Supplied entries:
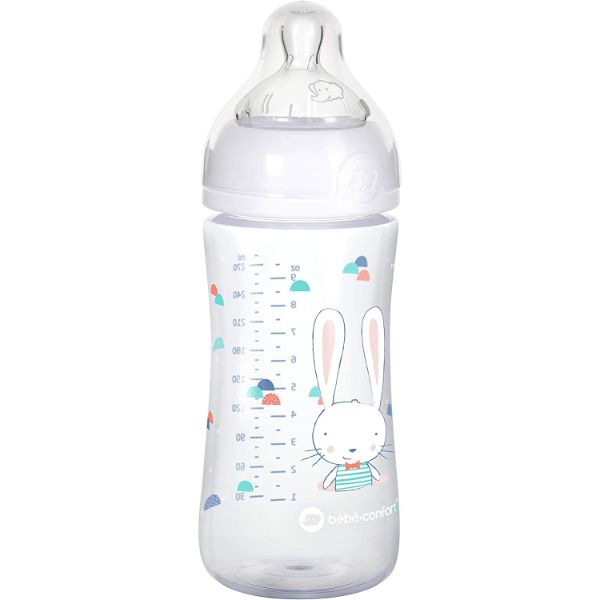 Bebeconfort Emotion Baby Bottle Kit Sweet Bunny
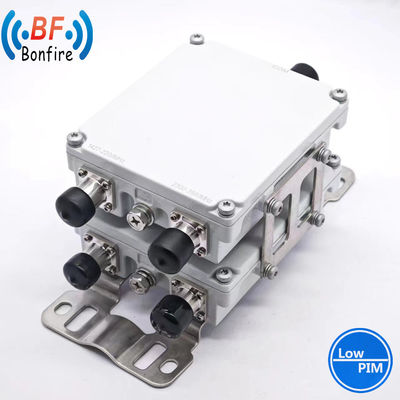 HLQ-XXXXX 1710-2170MHz 2300-2690MHz Low Pim Duplexer RF Dual-Band Combiner 7/16DIN Weiblich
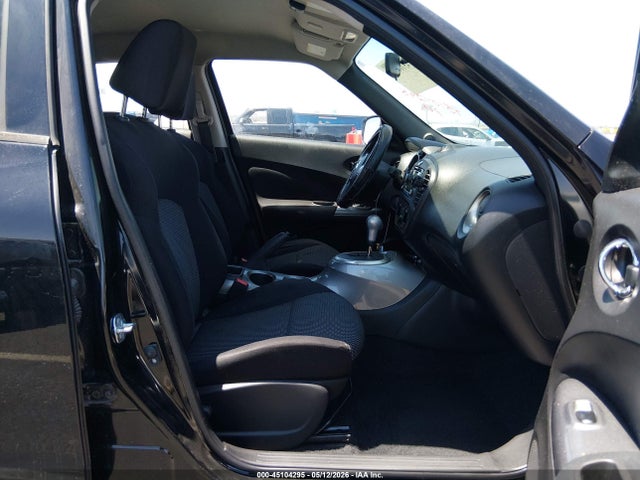 Nissan JUKE S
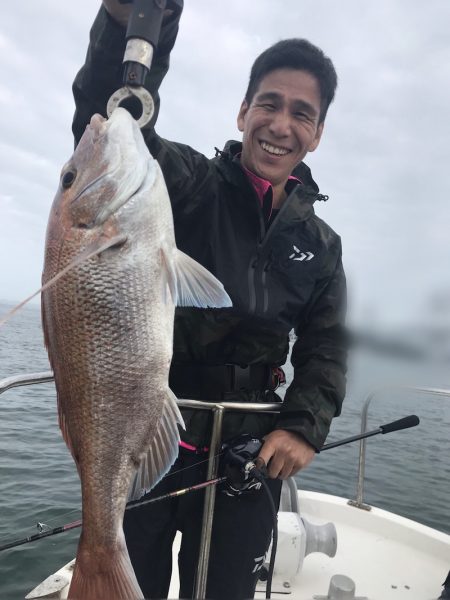 遊漁船メテオ 釣果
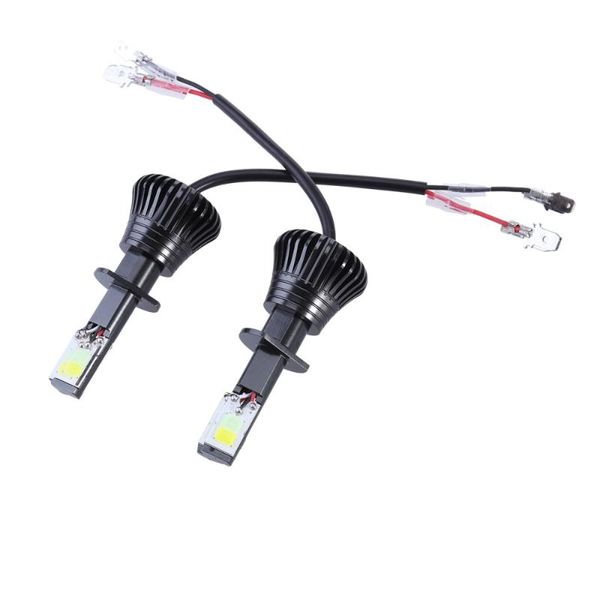 car headlights pair of double colors led headlight bulbs fog lamp waterproof for cars replacement white & yellow (h1)
car headlights pair of double colors led headlight bulbs fog lamp waterproof for cars replacement white & yellow (h1)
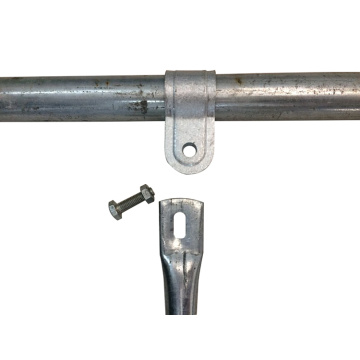 Brace Band with Carriage Bolts and Nuts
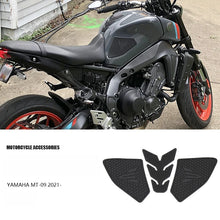 Body Side Protection Stickers Compatible with Yamaha MT-09
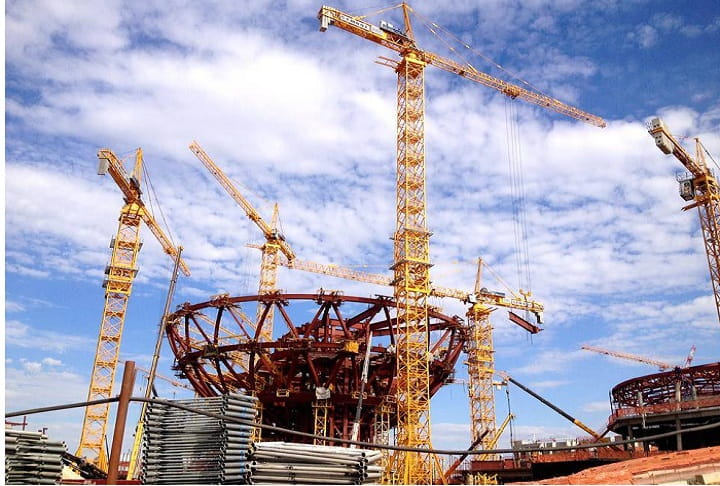 Zoomlions newest tower crane factory is set to be the largest in the world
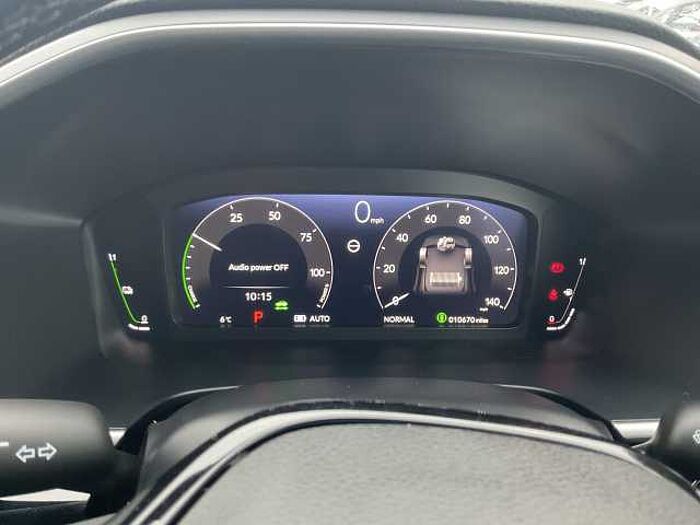 Honda CR-V 2.0 ePHEV Advance Tech 5dr eCVT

Exercise objective: Without the pictures, copy all of the entries exactly as they appear.

Solution to this problem:
 Bebeconfort Emotion Baby Bottle Kit Sweet Bunny
 HLQ-XXXXX 1710-2170MHz 2300-2690MHz Low Pim Duplexer RF Dual-Band Combiner 7/16DIN Weiblich
 Nissan JUKE S
 遊漁船メテオ 釣果
 car headlights pair of double colors led headlight bulbs fog lamp waterproof for cars replacement white & yellow (h1)
car headlights pair of double colors led headlight bulbs fog lamp waterproof for cars replacement white & yellow (h1)
 Brace Band with Carriage Bolts and Nuts
 Body Side Protection Stickers Compatible with Yamaha MT-09
 Zoomlions newest tower crane factory is set to be the largest in the world
 Honda CR-V 2.0 ePHEV Advance Tech 5dr eCVT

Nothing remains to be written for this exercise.